Firstly, I am intrigued by moments in history when something that was once great is in its twilight and must face overwhelming odds. The Battle of Manzikert is just such an event. The battle itself is believed by many to have been pivotal in the Byzantine Empire’s fate, crippling its armies and setting in motion the slow decline of the empire over the next four centuries. Indeed, historical texts refer to the battle as ‘The Dreadful Day’.

Secondly, the mood that would have hung over the eastern borderlands in the lead-up to the battle presented an irresistible cauldron of conflict in which my characters could develop. The land would have been a hotbed of mistrust, with tribal tensions between Byzantines and Turks reaching breaking point.

But you make a good point; Manzikert aside, Byzantium's story is indeed riddled with plotting intrigue and war. There are many parts of its long history that I long to write about one day; the complex relationship between Justinian and Belisarius, the rise of the mighty Heraclius and also the fall of the empire with the Ottoman conquest of Constantinople in 1453. Story ideas are forming as we speak!

2. The novel is based in the 11th century. How did you go about your research for a book that is based in a time where not many primary sources or texts still exist? Did you have any problems when researching for Strategos, if so what were they?

I love reading up on the history, so researching this time period was a joy. However, the scarcity of unequivocal sources meant it was a lengthy exercise. Pinning down seemingly basic facts kept me occupied for a long time; for example, I wanted to confidently state the size of a unit of infantry (a bandon/vandon), but this proved as elusive as a snake in oil. Eventually I read that the Byzantine military often deliberately kept their unit sizes non-uniform as a means of confusing or misleading an enemy force on the battlefield (and they did a fine job of confusing me too!).

Fortunately, there are some classic and essential reference works, such as Treadgold’s ‘Byzantium and its Army 284-1081’ and Norwich’s ‘Byzantium’ trilogy. One other work I found invaluable was Dr Timothy Dawson’s ‘Byzantine Infantryman’ – a concise and fact-packed volume including illustrations and archaeological photography that really helped me envision the world of Strategos. Indeed, I managed to contact Dr Dawson and he was kind enough to offer me more advice on particular aspects of the Byzantine military which really bolstered the narrative of my story.

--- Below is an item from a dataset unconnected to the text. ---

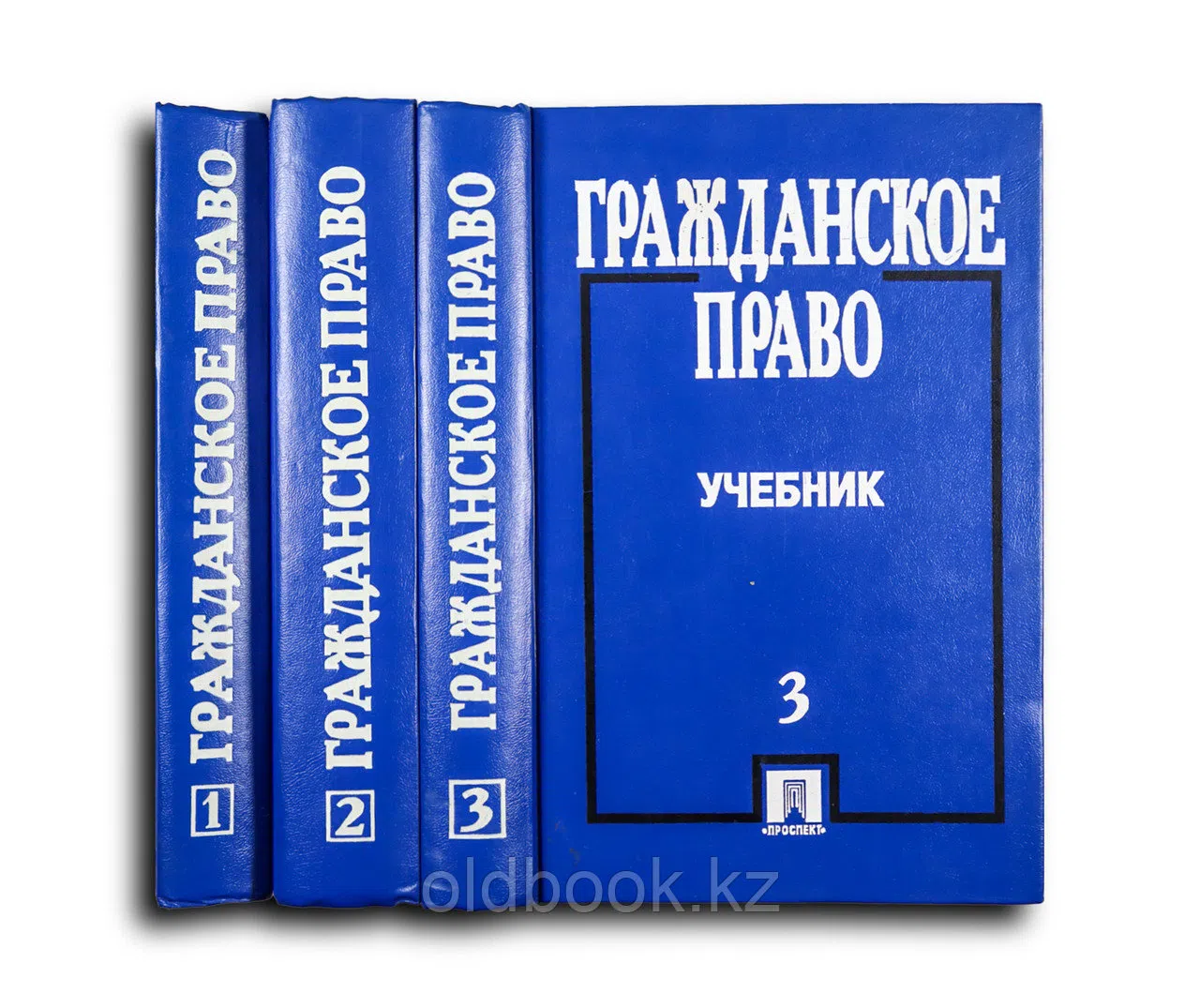 Коллектив авторов. Гражданское право. Учебник. В 3-х частях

3. In the book, Apion is plagued by Bracchus, an imperial secret agent who answers only to the Emperor and has the power to take life where he sees fit. Did this really happen in the 11th Century Byzantine Empire? If so are the powers Bracchus has slightly exaggerated for the novel or were there really agents who had the power to do the things Bracchus does in Strategos?

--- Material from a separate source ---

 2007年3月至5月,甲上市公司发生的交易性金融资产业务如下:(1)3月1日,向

There is a fair degree of poetic licence in Bracchus’ role in the imperial borderlands, but not without historical footing. In the time of classical Rome, the Frumentarii served as a secret service for the Caesars, spying, informing, sowing dissent and assassinating on the emperor’s command. They grew to be hated by the populace of the empire and its armies until they were disbanded by Diocletian in the 3rd century AD. How substantial this disbandment was is questionable though, as Diocletian almost immediately went on to form the Agentes in Rebus, a group thought by some to have been personal messengers for the emperor, and by others to have been a rebranded and far more effectively organised version of the Frumentarii. Both theories have their merits, but that their title means ‘those who are active in matters’ tells me all I need to know. The Agentes in Rebus remained in existence as Rome fell, and served the Byzantine Emperors until they were officially abolished in the 9th century AD. However, given that subterfuge had been inherent in Rome and Byzantium for over a millennia, and the word ‘duplicitous’ had become synonymous with the word ‘Byzantine’, I find it hard to believe that an organisation like the Agentes of Strategos were not still in existence in some form.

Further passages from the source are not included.